Garrett Baker 28 Aug 2022 21:57 UTC
1 point
0
This is very very cool! At the end you say that looking at the gradient of the layer outputs is a change of basis. I don’t understand why this is the case. Each layer, taking (in a fully connected network) has on the order of $n^{2}$ parameters if it outputs a vector of length $n$ , so the gradient of that vector with respect to the parameters will have $n^{2}$ entries. What did you have in mind when you said “change of basis”?
- CallumMcDougall 29 Aug 2022 4:21 UTC
  2 points
  0
  Parent
  I think the key point here is that we’re applying a linear transformation to move from neuron space into feature space. Sometimes neurons and features do coincide and you can actually attribute particular concepts to neurons, but unless the neurons are a privileged basis there’s no reason to expect this in general. We’re taking the definition of feature here as a linear combination of neurons which represents some particular important and meaningful (and hopefully human-comprehensible) concept.
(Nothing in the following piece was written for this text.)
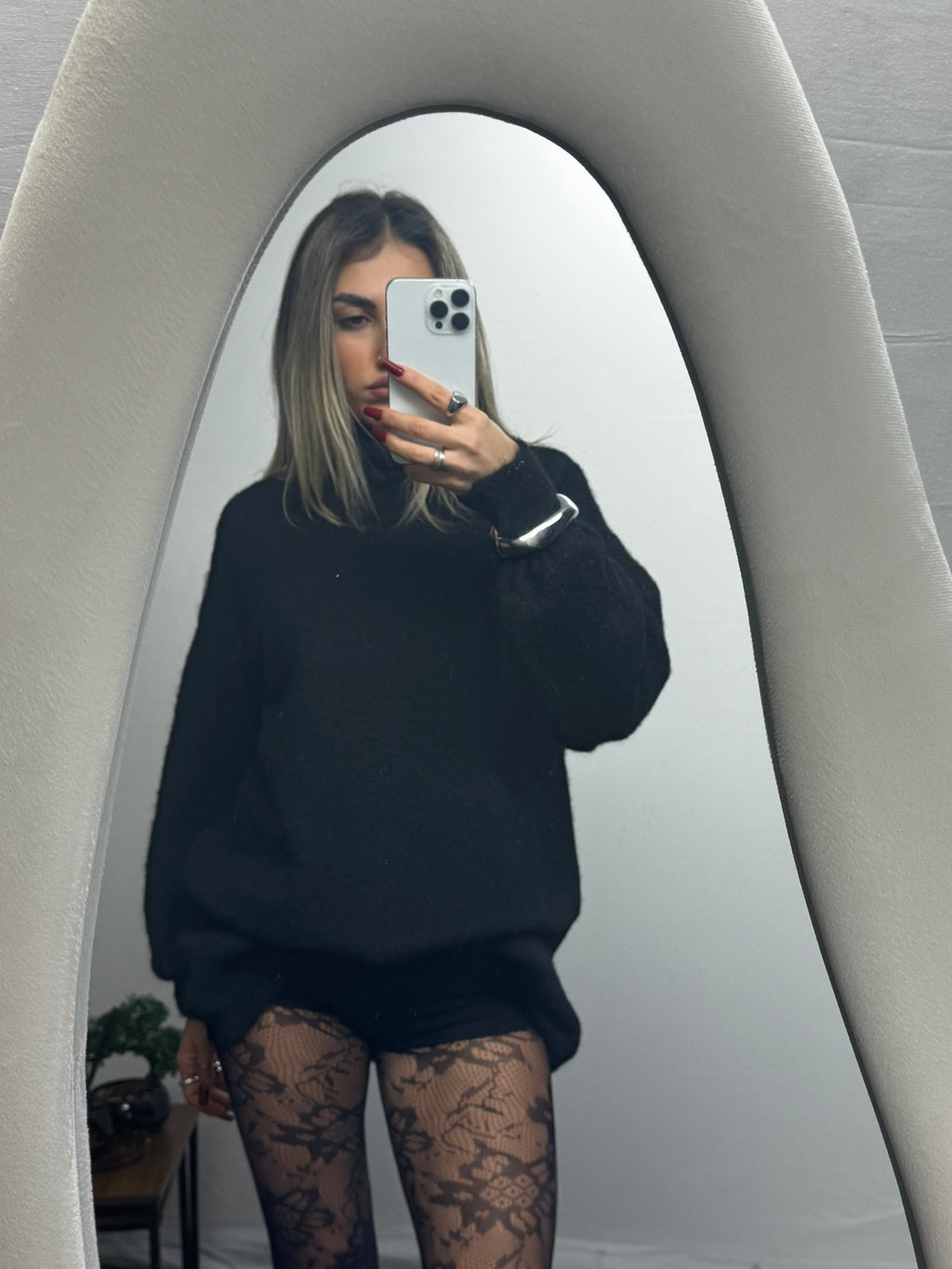 PULLOVER DRESS BLACK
- Lucius Bushnaq 29 Aug 2022 6:07 UTC
  1 point
  0
  Parent
  You take the gradient with respect to any preactivation of the next layer. Shouldn’t matter which one. That gets you a length n vector. Since the weights are linear, and we treat biases as an extra node of constant activation, the vector does not depend on which preactivation you chose.
  The idea is to move to a basis in which there is no redundancy or cancellation between nodes, in a sense. Every node encodes one unique feature that means one unique thing.